Silberman said WSU made a strong case of need for the new science building.
"The building currently used is very outdated. There are life-safety risks in case of renovation. There is asbestos. There is not adequate classroom space. Students are crammed into labs, using chemicals and flames."
Brad Mortensen, WSU vice president of university advancement, said the current science lab building was constructed in 1969.
"Science has changed a lot since then," he said. "There is such a demand to prepare the type of students we need, to move the economy forward, in the STEM (science, technology, engineering and math) fields.
"We need to produce graduates that will excel in the workforce, and we need to upgrade the facility to accommodate the types of research the professors and students need to do."
Weber State had an enrollment of about 10,000 in 1969 and expects to exceed 26,000 when fall numbers are in, Mortensen said.
The science departments have more majors, and nonscience majors still have science requirements to fill before graduation.
The current building predates stricter seismic requirements, so was not built to be earthquake safe, Mortensen said.

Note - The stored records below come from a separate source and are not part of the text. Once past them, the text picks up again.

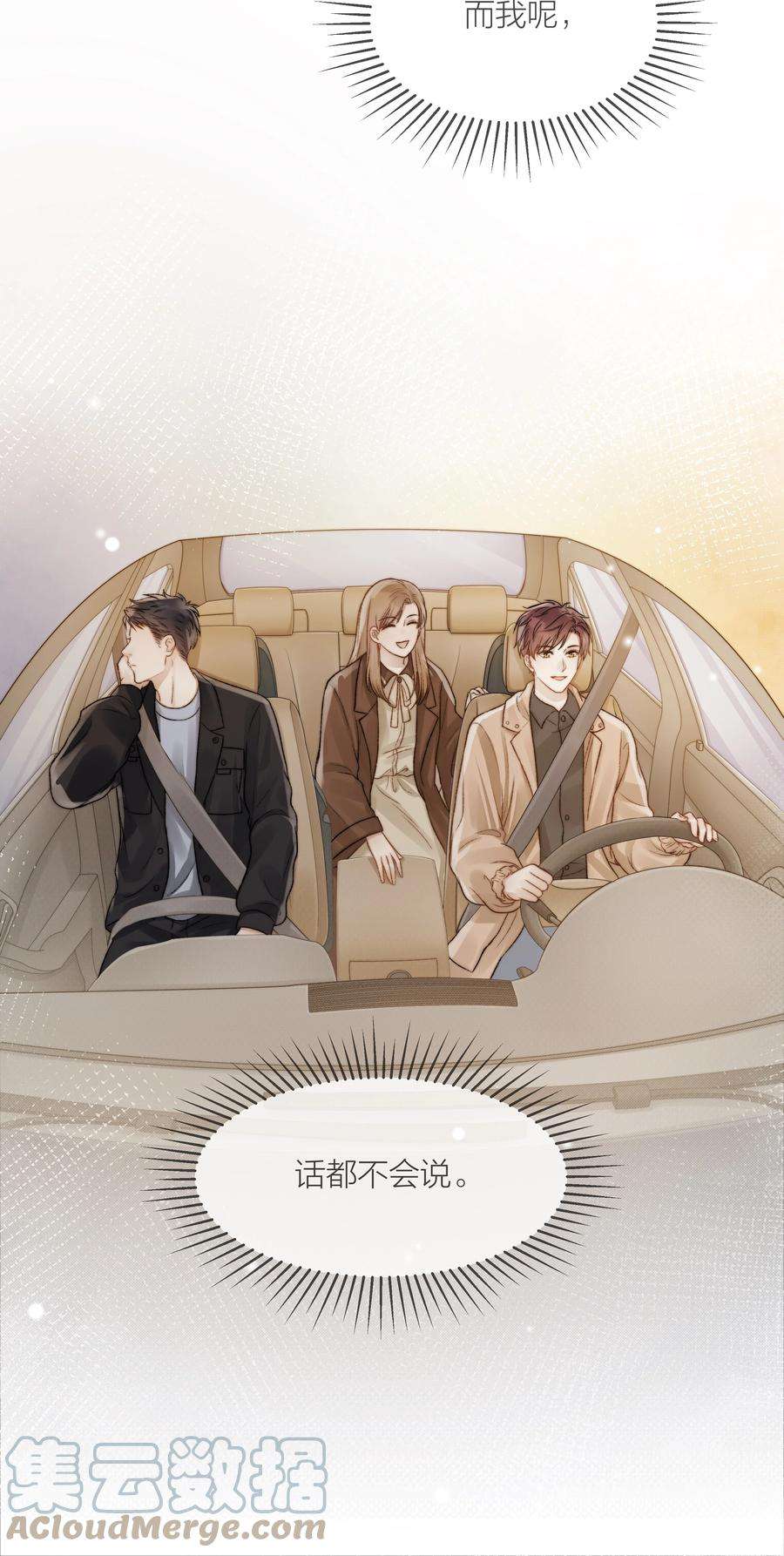 白日事故037 她是合适的人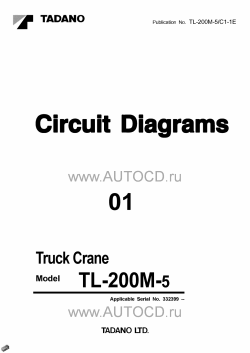 ������� ��� ���������, ������� �������� ��������� � ����� ����.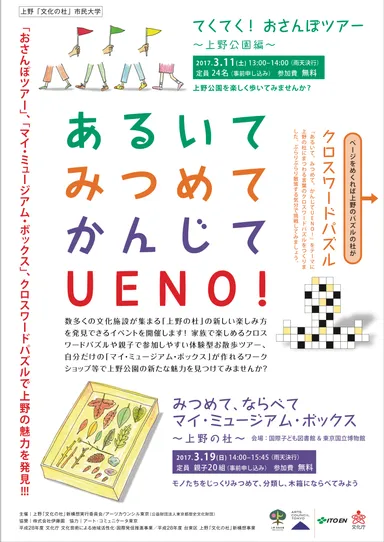 あるいて、みつめて、かんじてUENO! 1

There is no system in place to suppress fires, and the presence of asbestos means, if a pipe begins to leak, asbestos abatement crews must be brought in before simple repairs can be made, Mortensen said.
"And that building has a lot of leaky pipes," he added.
The current science lab building also does not have the electrical capacity to meet the needs of modern laboratories.
Mortensen said Weber State representatives will next present their case on Oct. 2 to the state Building Board, which has the ability to change rankings on the Board of Regents' priority list.
The Utah Legislature's 2013 session, during which a final decision will be made, begins Jan. 23.
Mortensen said if funding for the new science building becomes available, Weber State hopes to construct a 200,000-square-foot building, about the size of Elizabeth Hall.
It would be just to the north of the Stewart Bell Plaza, where WSU buildings 3 and 4 (both built in 1954) currently stand.
Building 3 currently holds WSU's interior design department and Center for Chemical Technology. Building 4 houses mathematics and electronics engineering.
"The new building will be engineered to accommodate not only today's science, but what the future might bring," Mortensen said.
"It will be collaborative, functional and efficient. It will really let students be actively involved in research and integrate what they learn in the classroom with research projects."
But whether the building will be approved in the upcoming legislative sessions remains to be seen.
"We still have a long way to go in the process," Mortensen said. "I feel like people understand the case and want to be supportive, but it will come down to how much money is available."